Queues? What queues? Lorna Subritzky goes by rail to enjoy Tongariro National Park and salutes traffic jams as she passes through.
I love road trips — who doesn't? A chance to leave the familiar behind, embrace new surroundings, and bask in New Zealand's renowned scenery along the way . . . as long as you're not the one driving, that is. Our roads are as notorious as our landscapes are acclaimed, so when it was suggested we ditch the road in favour of rail on board KiwiRail Scenic's Northern Explorer, we knew we were — ahem — on track for a fabulous weekend.
We checked in as instructed early Saturday morning and were warmly greeted by Fiona, part of the small but perfectly formed service team that would look after us on our rail experience. The last time I'd travelled a train any great distance in New Zealand was when we emigrated in the mid-70s, catching the Silver Fern from Auckland to Wellington. The Northern Explorer runs the same route, but that's about where the similarities end.
The fleet of trains was rolled out five years ago and features panoramic side and roof windows that make taking photos a cinch, particularly as the glass is untinted and non-reflective. Within moments of leaving the Parnell station, we're snapping pics and uploading to social media. For even better sights, we head out to the open-air viewing deck — ideal for feeling the wind in our hair (and for me, squealing just a little when we enter tunnels).

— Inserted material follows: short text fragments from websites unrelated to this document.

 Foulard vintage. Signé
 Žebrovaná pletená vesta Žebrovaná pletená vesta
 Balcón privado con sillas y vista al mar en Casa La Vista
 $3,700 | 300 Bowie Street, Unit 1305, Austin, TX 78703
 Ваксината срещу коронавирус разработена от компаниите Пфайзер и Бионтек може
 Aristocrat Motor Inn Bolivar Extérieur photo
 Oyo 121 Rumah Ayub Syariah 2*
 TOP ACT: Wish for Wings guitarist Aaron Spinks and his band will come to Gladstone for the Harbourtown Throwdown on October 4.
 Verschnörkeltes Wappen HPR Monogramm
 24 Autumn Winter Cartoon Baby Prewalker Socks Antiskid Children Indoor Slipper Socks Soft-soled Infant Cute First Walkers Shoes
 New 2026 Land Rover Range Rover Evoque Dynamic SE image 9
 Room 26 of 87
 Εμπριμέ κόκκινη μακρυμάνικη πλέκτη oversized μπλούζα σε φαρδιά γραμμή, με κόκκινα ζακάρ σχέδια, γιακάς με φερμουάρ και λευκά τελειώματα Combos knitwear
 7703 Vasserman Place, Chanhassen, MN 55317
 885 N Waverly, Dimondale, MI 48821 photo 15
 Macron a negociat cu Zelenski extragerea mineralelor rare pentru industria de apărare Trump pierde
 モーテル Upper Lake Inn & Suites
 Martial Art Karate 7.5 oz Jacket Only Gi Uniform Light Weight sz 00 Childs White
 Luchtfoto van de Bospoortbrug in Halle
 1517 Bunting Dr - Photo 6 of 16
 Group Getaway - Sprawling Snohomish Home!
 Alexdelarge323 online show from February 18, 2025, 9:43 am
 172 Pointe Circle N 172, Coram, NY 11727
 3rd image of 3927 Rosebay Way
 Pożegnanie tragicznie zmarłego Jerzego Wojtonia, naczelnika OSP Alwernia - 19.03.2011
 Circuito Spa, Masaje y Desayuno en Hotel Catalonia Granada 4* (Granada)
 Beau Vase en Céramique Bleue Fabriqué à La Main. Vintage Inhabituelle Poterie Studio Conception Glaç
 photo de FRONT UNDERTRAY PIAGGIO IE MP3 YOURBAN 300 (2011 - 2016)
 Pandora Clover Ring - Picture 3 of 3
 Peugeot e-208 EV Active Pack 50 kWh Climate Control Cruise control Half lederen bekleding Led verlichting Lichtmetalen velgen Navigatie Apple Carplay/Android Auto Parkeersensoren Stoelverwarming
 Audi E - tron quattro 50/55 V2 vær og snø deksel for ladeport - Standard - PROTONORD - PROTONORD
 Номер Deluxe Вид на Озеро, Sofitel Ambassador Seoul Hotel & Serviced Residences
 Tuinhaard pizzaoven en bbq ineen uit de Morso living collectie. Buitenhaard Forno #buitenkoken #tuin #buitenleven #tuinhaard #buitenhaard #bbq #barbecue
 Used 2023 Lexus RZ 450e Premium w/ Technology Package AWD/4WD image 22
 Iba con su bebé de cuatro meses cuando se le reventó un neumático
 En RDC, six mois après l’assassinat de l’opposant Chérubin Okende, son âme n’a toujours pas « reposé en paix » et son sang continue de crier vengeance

There's a celebratory mood among our fellow passengers which we can't ignore, so although it's early we have bubbles with breakfast. Staff members Justin and Simone do a fine job in the cafe, even warning us to buy our lunch early if we want the best choice — advice I appreciated a couple of hours later while enjoying my Thai chicken curry. Another wine with lunch? Why not - after all, no-one has to drive on this trip.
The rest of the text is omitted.